State Route 194 (SR-194) is a state highway in northern Utah County, Utah, in the United States that runs along 2100 North in Lehi and connects SR-68 (Redwood Road) with Interstate 15 and U.S. Route 89. The route is a part of the greater Mountain View Corridor project.

Route description

SR-194 begins in Lehi at the northbound ramps of I-15 exit 282. From its eastern terminus, the route briefly runs concurrently with northbound US-89 as they swing to the west onto the alignment of 2100 North. The routes promptly arrive at an intersection with State Street and the southbound I-15 on and off-ramps, where US-89 splits to the south on State Street.

Continuing west, SR-194 splits into a divided highway with split intersections at Thanksgiving Way, Triumph Boulevard, 3600 West, and Redwood Road, as well as Texas U-turns immediately west of Triumph Boulevard and on both sides of 3600 West. Just before crossing over the Jordan River the route leaves Lehi and enters unincorporated Utah County. After crossing 3600 West, SR-194 reaches its current western terminus at SR-68 (Redwood Road). In the future, an extension from this intersection will be constructed farther west as part of SR-85 (Mountain View Highway) and will loop to the southwest and end at SR-73 in Saratoga Springs.

History

As part of the Mountain View Corridor project, construction began in 2010 on the western end of 2100 North in Lehi.
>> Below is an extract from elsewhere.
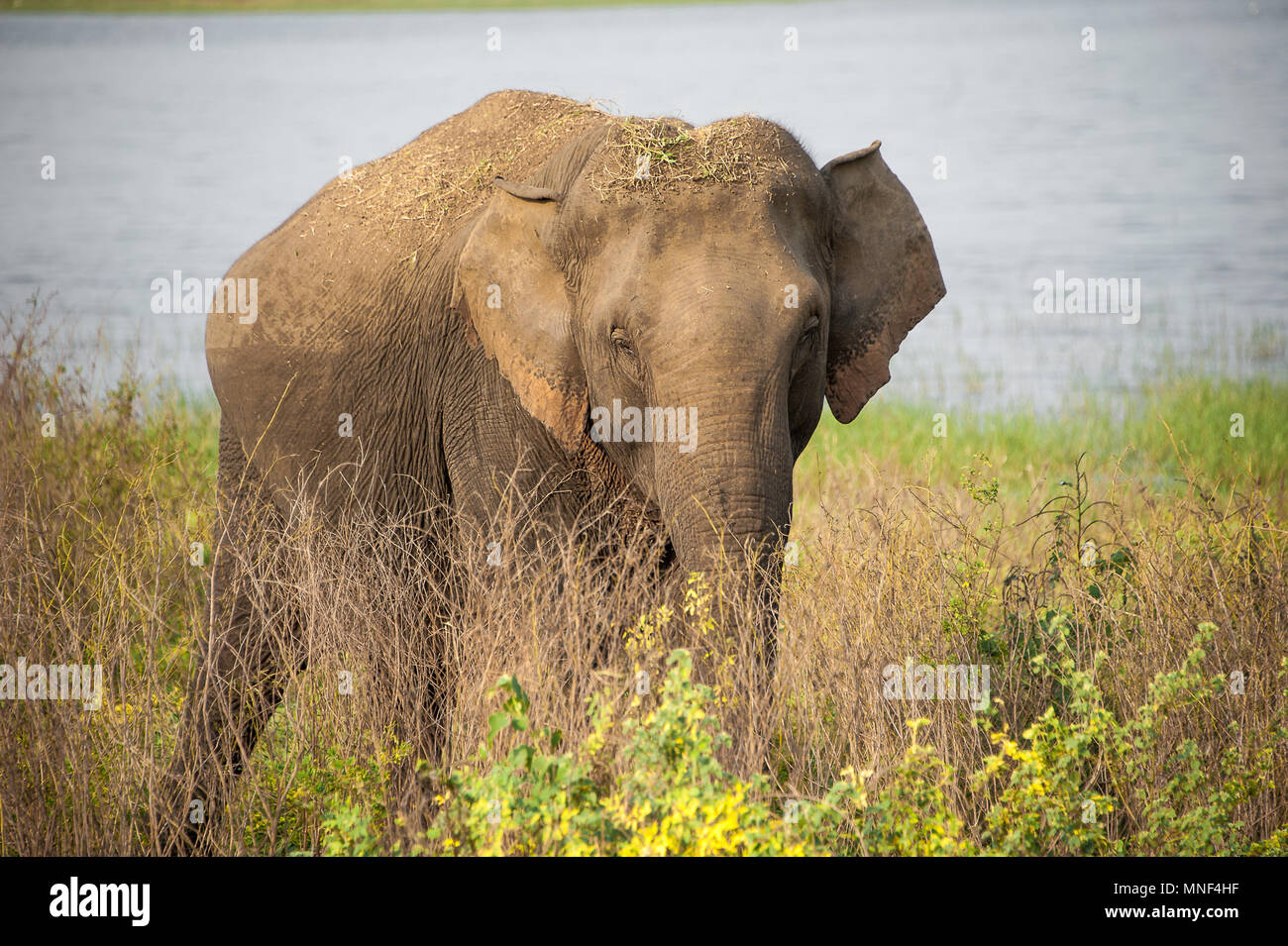 Le coucher du soleil, le Parc National de Minneriya, Sri Lanka. Portrait d'une femelle Éléphant d'Asie (Elephas maximus) Comité permanent dans les prairies à côté d'un lac. Banque D'Images
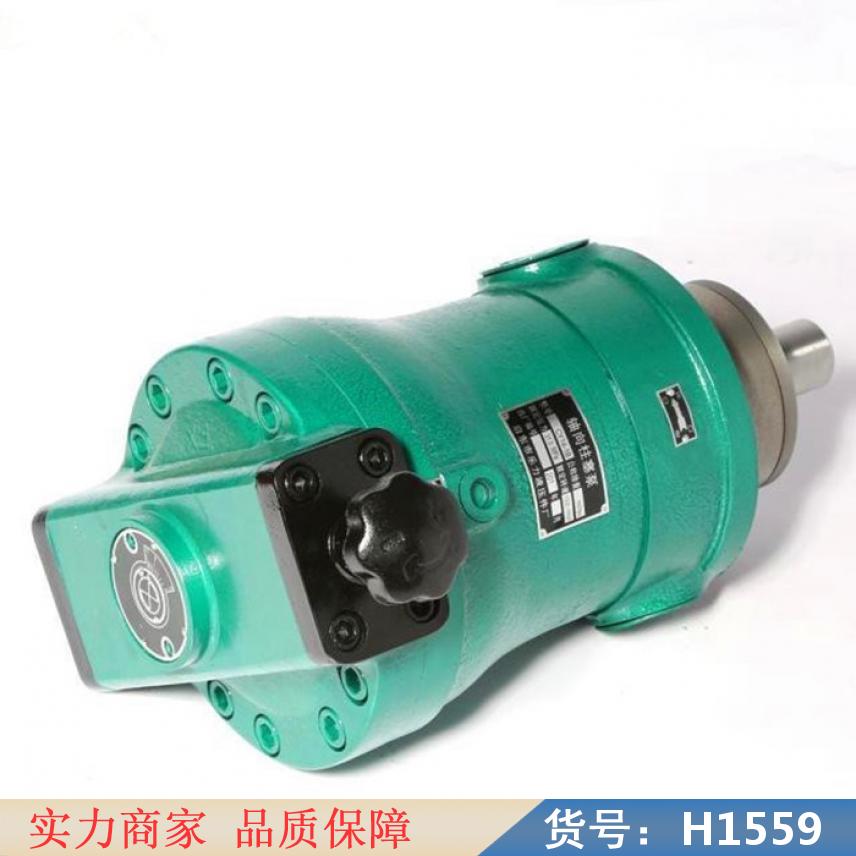 慧采斜盘式轴向柱塞泵 变量泵 变量轴向柱塞泵货号H1559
The new section of roadway ran between I-15/US-89 and Redwood Road, and was completed in September 2011. It was the first road segment of the Mountain View Corridor project to be built and was designated as SR-85.

Later, the primary north–south segment of the corridor was built in Salt Lake County, initially opening in 2012. However, this was also designated SR-85, resulting in two discontinuous segments of SR-85 with an implied concurrency connecting the two pieces. This situation lasted until 2017, when construction was started on the section of the Mountain View Corridor connecting SR-73 with SR-68 at 2100 North. This required a route renumbering, as the segment under construction was also planned to be numbered SR-85. As a result, the Utah State Legislature re-designated the original east–west segment of SR-85 on 2100 North as SR-194.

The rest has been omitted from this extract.